#### [Data]
········

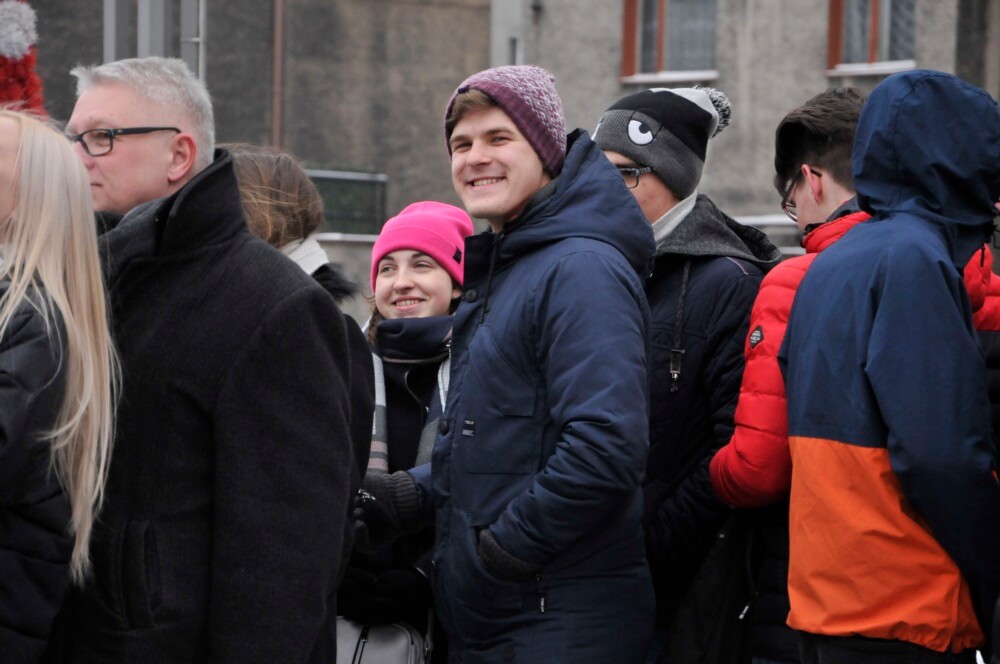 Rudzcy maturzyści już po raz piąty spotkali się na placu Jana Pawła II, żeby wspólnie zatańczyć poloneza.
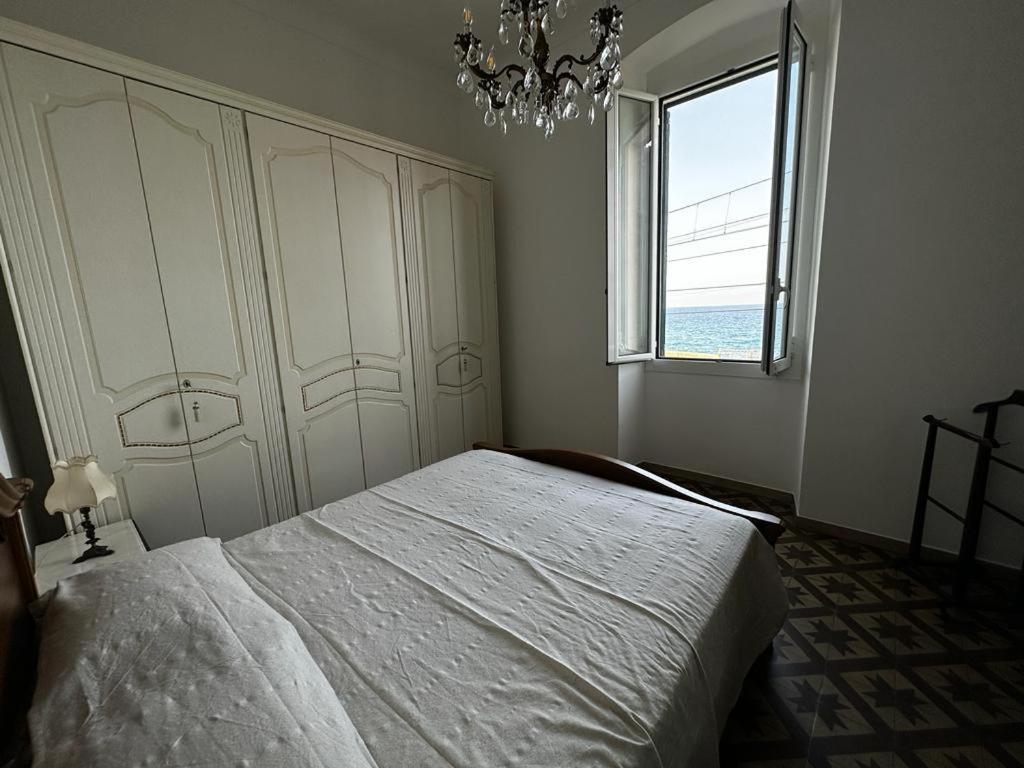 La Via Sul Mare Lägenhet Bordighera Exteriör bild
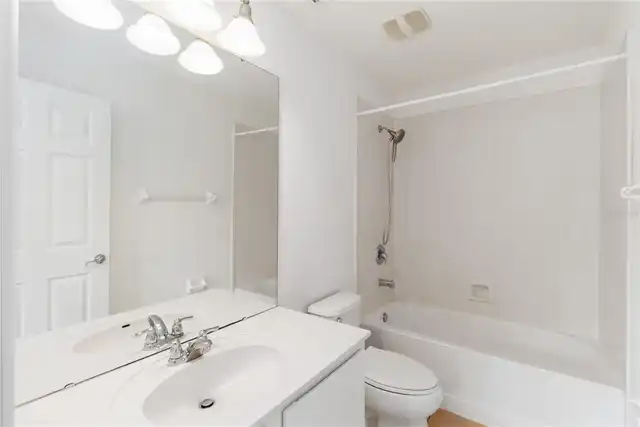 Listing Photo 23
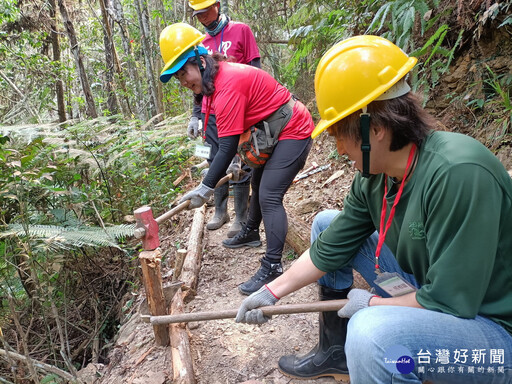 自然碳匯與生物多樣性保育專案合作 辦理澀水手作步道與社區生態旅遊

········

#### [Your objective]
Retype, exactly as written, each line from the one containing "La Via Sul Mare" through the end of the data above, and leave out every picture.

#### [Result for this exercise]
 La Via Sul Mare Lägenhet Bordighera Exteriör bild
 Listing Photo 23
 自然碳匯與生物多樣性保育專案合作 辦理澀水手作步道與社區生態旅遊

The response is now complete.